* _REQUIRED WORK_: Among the entries below, please repeat exactly and only the lines from the line containing "Palisades Parkway south of exit 3" to the line containing "Spurverbreiterung Aluminium 4", both lines included.

* _MATERIAL FOR THIS EXERCISE_:
• • • • • • •
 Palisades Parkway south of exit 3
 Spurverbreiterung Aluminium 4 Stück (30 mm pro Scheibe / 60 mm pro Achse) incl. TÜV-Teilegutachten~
• • • • • • •
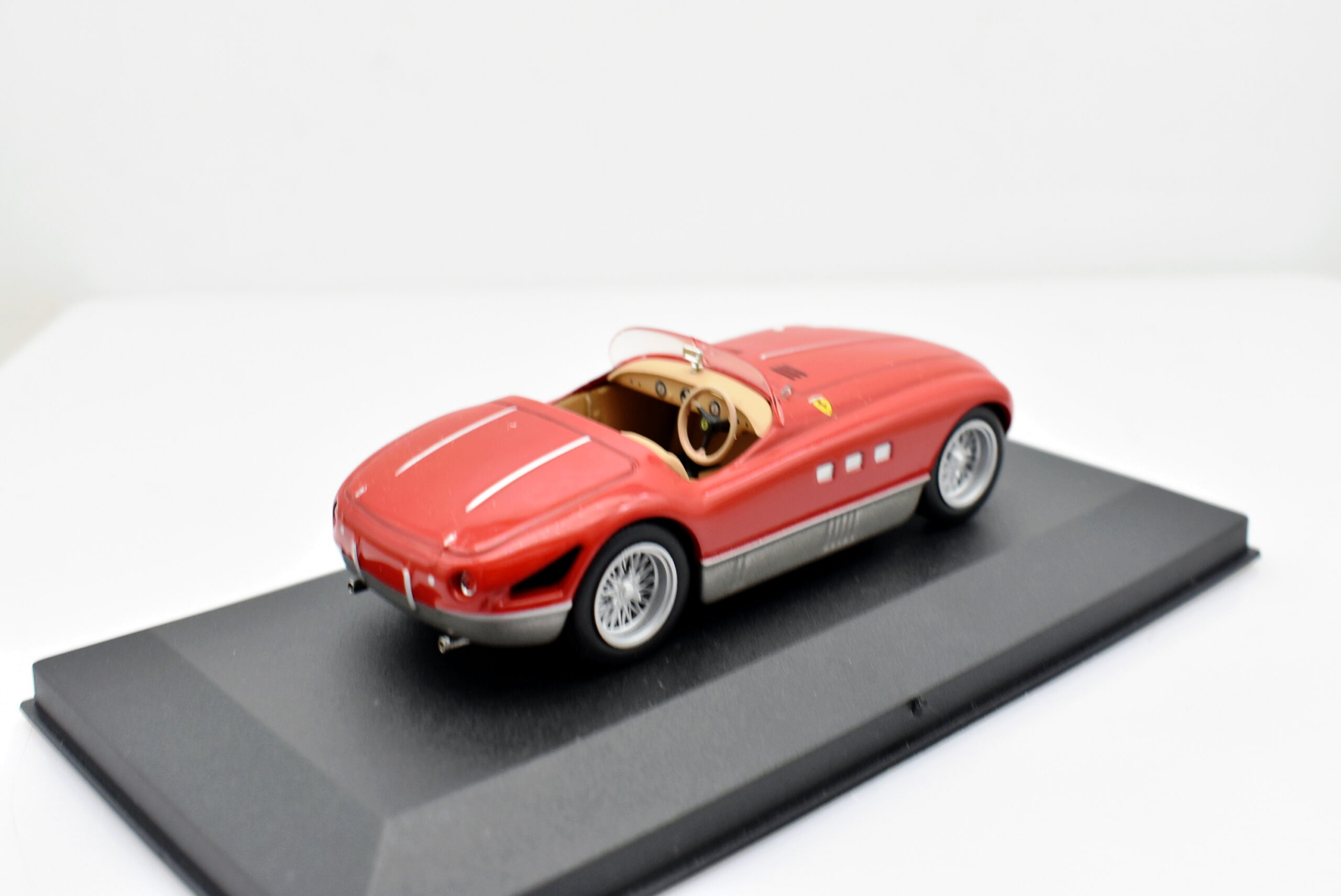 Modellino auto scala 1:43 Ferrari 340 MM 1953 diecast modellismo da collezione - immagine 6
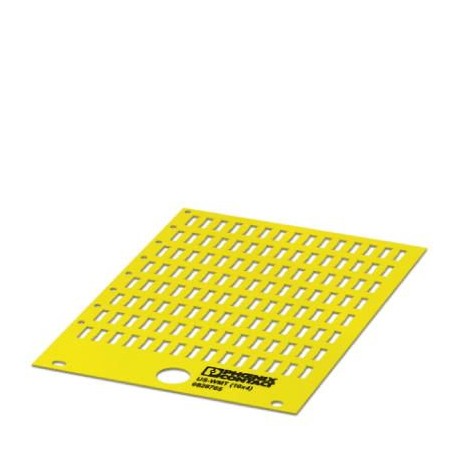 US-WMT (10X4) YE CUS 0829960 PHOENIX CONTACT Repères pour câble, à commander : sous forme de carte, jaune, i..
• • • • • • •
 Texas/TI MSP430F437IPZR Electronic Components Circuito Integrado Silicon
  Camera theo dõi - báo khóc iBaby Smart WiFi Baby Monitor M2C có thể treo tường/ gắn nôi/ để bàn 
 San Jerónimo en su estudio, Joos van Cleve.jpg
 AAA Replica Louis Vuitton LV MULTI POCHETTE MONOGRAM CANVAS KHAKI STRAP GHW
• • • • • • •
* _SOLUTION FOR THIS EXERCISE_:
 Palisades Parkway south of exit 3
 Spurverbreiterung Aluminium 4 Stück (30 mm pro Scheibe / 60 mm pro Achse) incl. TÜV-Teilegutachten~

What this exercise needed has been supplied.